In the entries below, which lines run from the one containing "heavybilt-30-ton-overhead-feed-bin-image-2" to the one containing "Bedroom - 1621"? Copy exactly those lines, ends included, and no others.

◆ Material shown:

◇ ◇ ◇ ◇ ◇

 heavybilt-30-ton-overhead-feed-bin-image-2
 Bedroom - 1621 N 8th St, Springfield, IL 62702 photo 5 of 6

◇ ◇ ◇ ◇ ◇

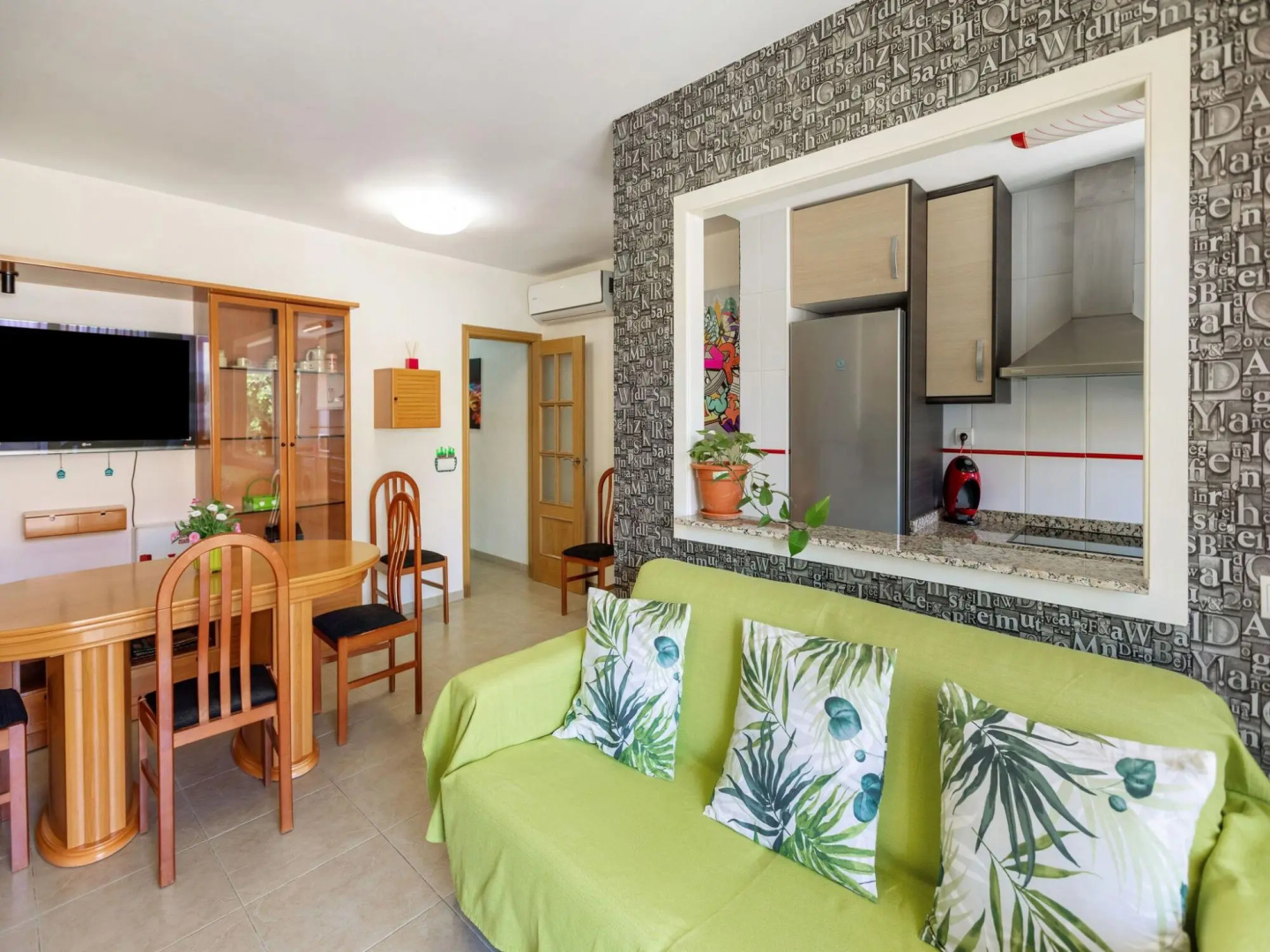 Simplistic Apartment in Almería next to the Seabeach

◇ ◇ ◇ ◇ ◇

◆ Task answer:
 heavybilt-30-ton-overhead-feed-bin-image-2
 Bedroom - 1621 N 8th St, Springfield, IL 62702 photo 5 of 6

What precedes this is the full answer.